• Task brief:
Give again the lines from the line with "Горобина звичайна 'Autumn Spire' - 9" to the last line of the records, exactly and in full. Do not carry over any pictures.

• Dataset entries:
>>
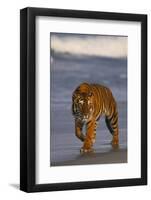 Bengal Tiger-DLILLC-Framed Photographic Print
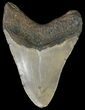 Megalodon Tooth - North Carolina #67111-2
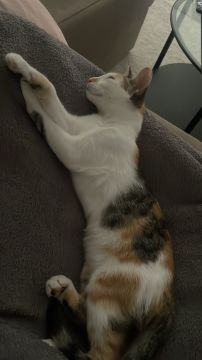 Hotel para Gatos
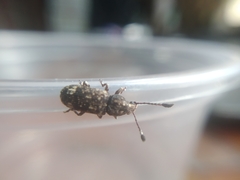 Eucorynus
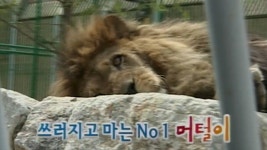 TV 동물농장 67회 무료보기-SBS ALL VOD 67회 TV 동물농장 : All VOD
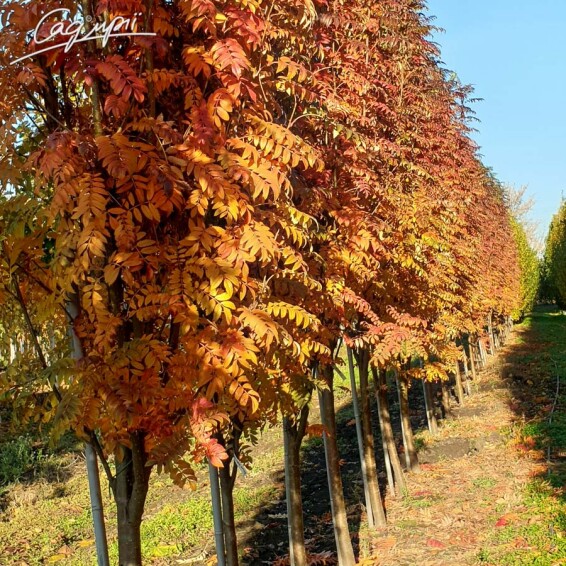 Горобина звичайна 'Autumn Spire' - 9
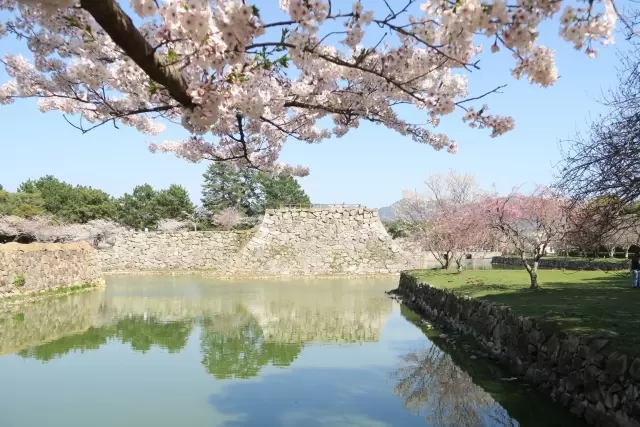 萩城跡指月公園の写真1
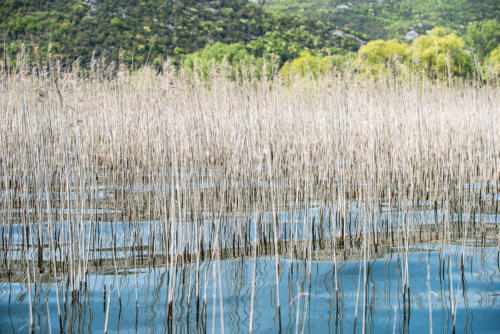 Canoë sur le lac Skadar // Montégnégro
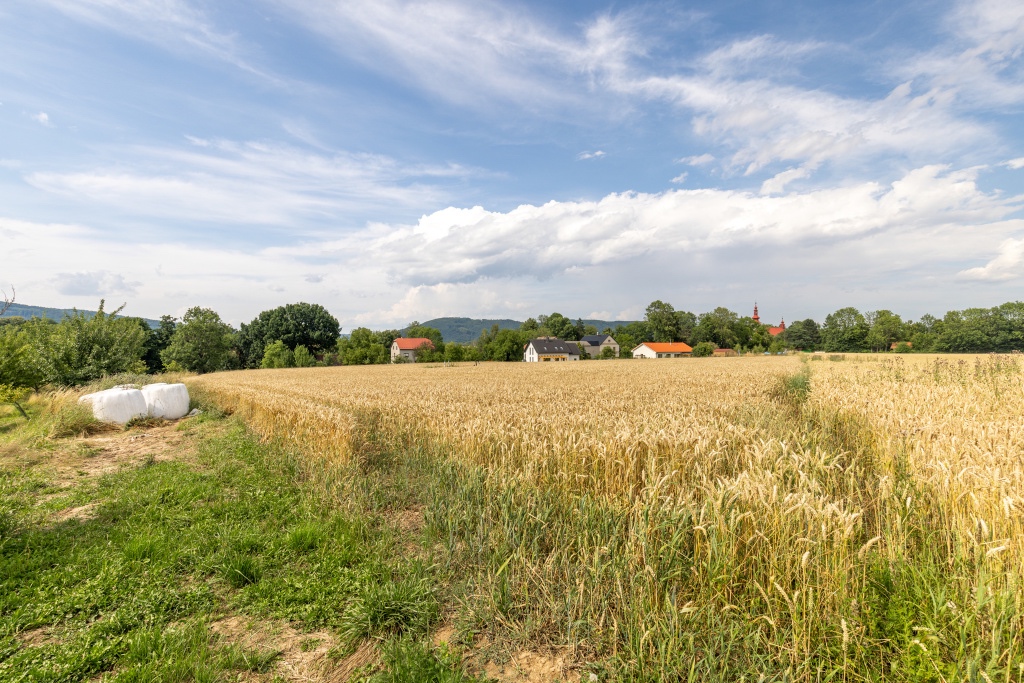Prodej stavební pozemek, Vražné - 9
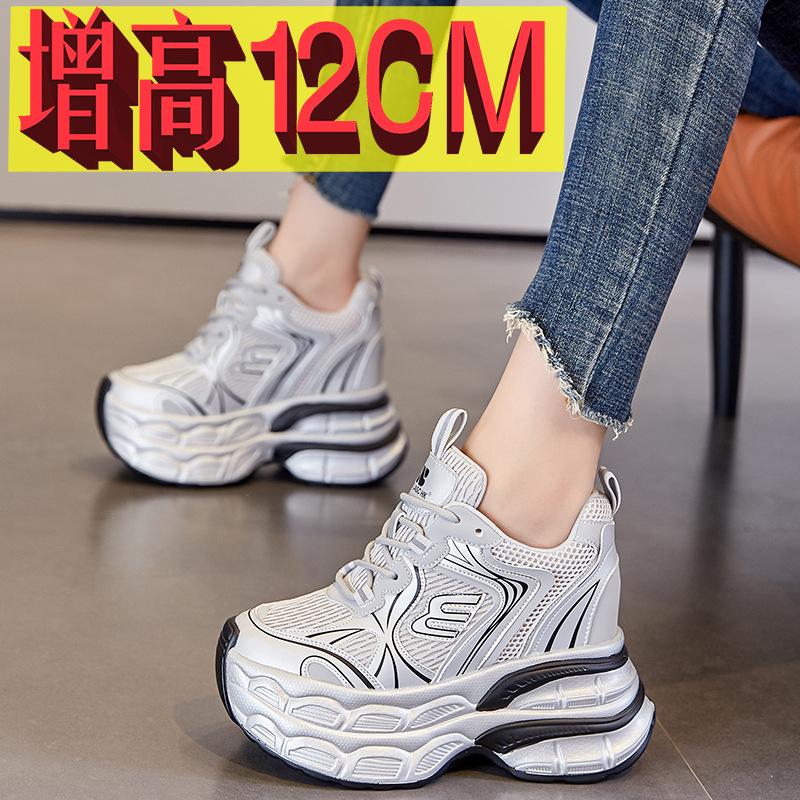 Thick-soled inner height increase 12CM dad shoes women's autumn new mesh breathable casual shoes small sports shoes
<<
• Task answer:
 Горобина звичайна 'Autumn Spire' - 9
 萩城跡指月公園の写真1
 Canoë sur le lac Skadar // Montégnégro
Prodej stavební pozemek, Vražné - 9
 Thick-soled inner height increase 12CM dad shoes women's autumn new mesh breathable casual shoes small sports shoes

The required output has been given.